Exercise details
Only the lines from the one bearing "พัวเรอร์พลาสติก แบบตวงได้ 50" through the end of the entries should be output, exactly as they stand, and pictures should be skipped.

(Captioned web images)

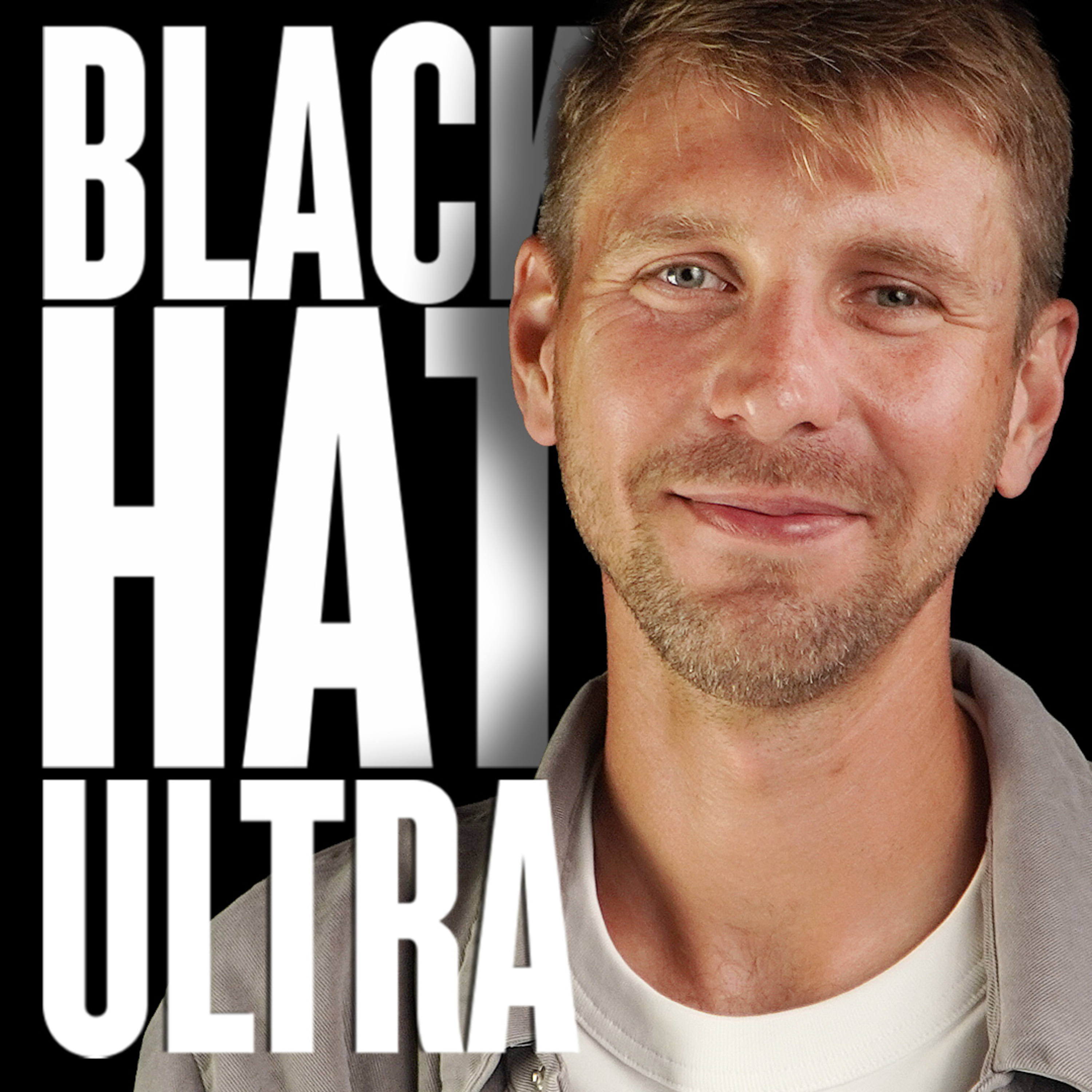 #175 Karol Matysek - Nie mogę niczego przegrać — Black Hat Ultra episode artwork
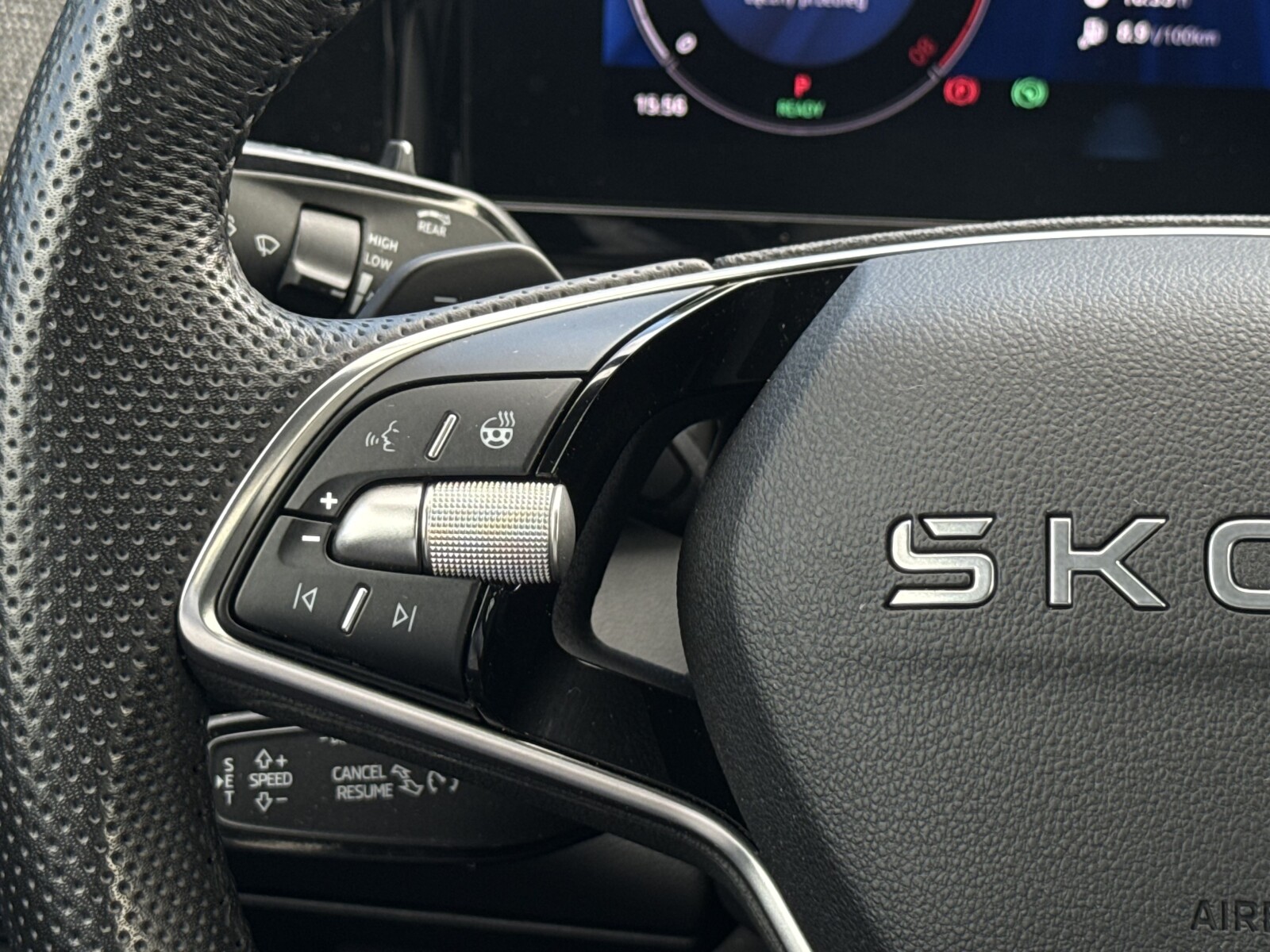 Škoda Kodiaq - zdjęcie 16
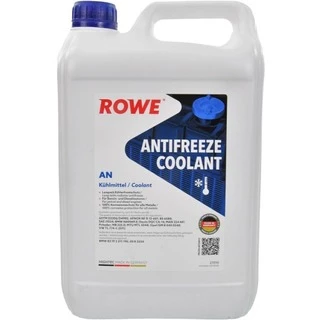 Антифриз Rowe Hightec Antifreeze AN G11 синій 5 л концентрат антифризу (21010-0050-99)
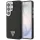 Samsung Galaxy S26 Ultra Guess Fix Glitter Triangle MagSafe tok fekete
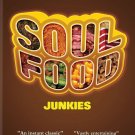 Soul Food Junkies [DVD] [2012]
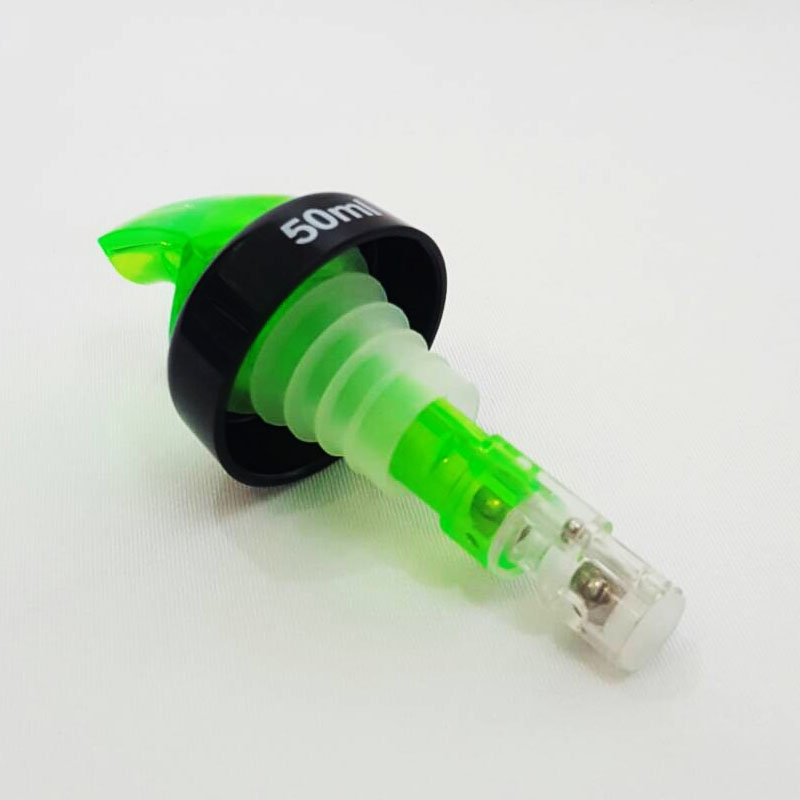 พัวเรอร์พลาสติก แบบตวงได้ 50 มล. ( three ball )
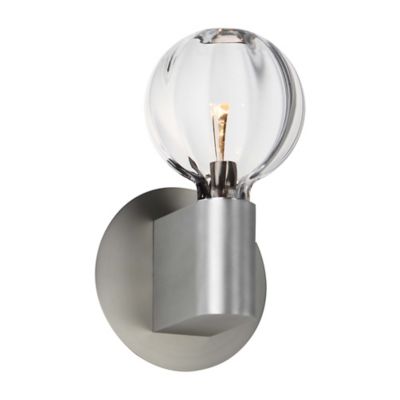 Ray Dance Globe LED Wall Sconce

Your response
 พัวเรอร์พลาสติก แบบตวงได้ 50 มล. ( three ball )
 Ray Dance Globe LED Wall Sconce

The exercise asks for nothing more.